(RAW DATA begins)

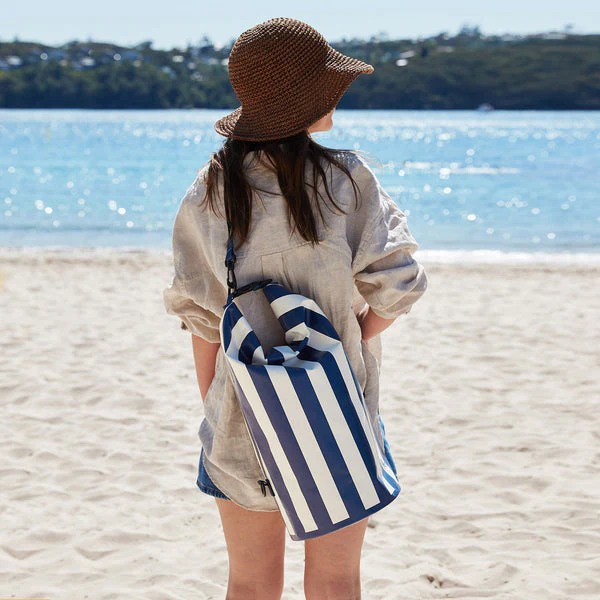 Dock & Bay Recycled Dry Bag - Medium 20L - Image 5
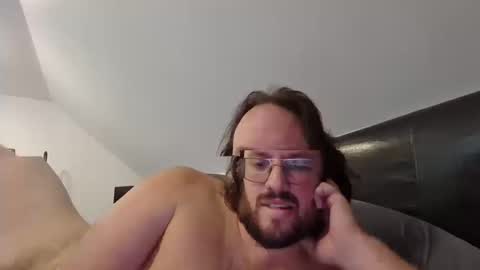 Girthy online show from October 10, 6:03 pm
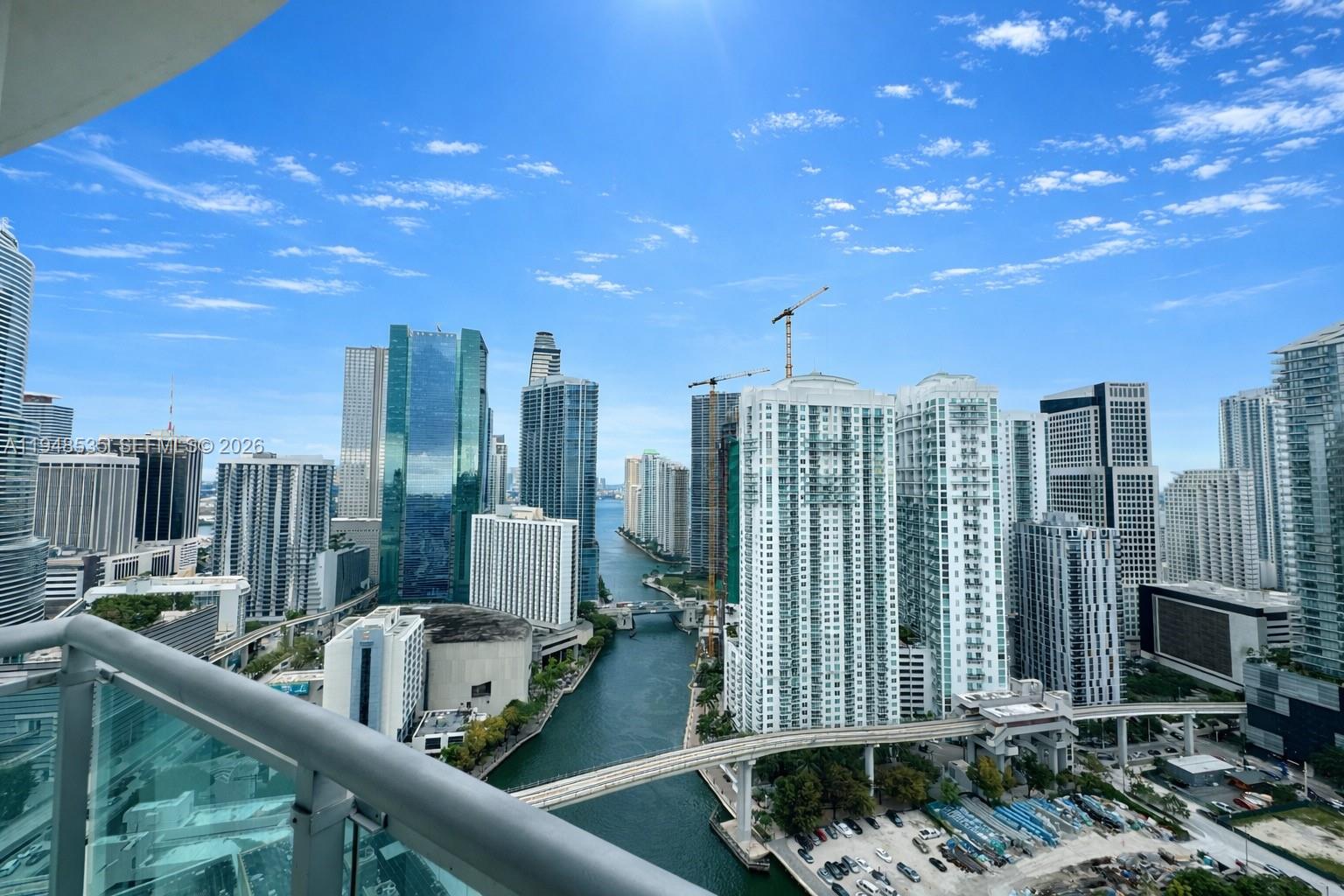 350 S Miami Ave Unit: 3302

(RAW DATA ends)

# PROMPT
Return each line above exactly; any pictures are to be skipped.

# RESULT FOR THIS TASK
 Dock & Bay Recycled Dry Bag - Medium 20L - Image 5
 Girthy online show from October 10, 6:03 pm
 350 S Miami Ave Unit: 3302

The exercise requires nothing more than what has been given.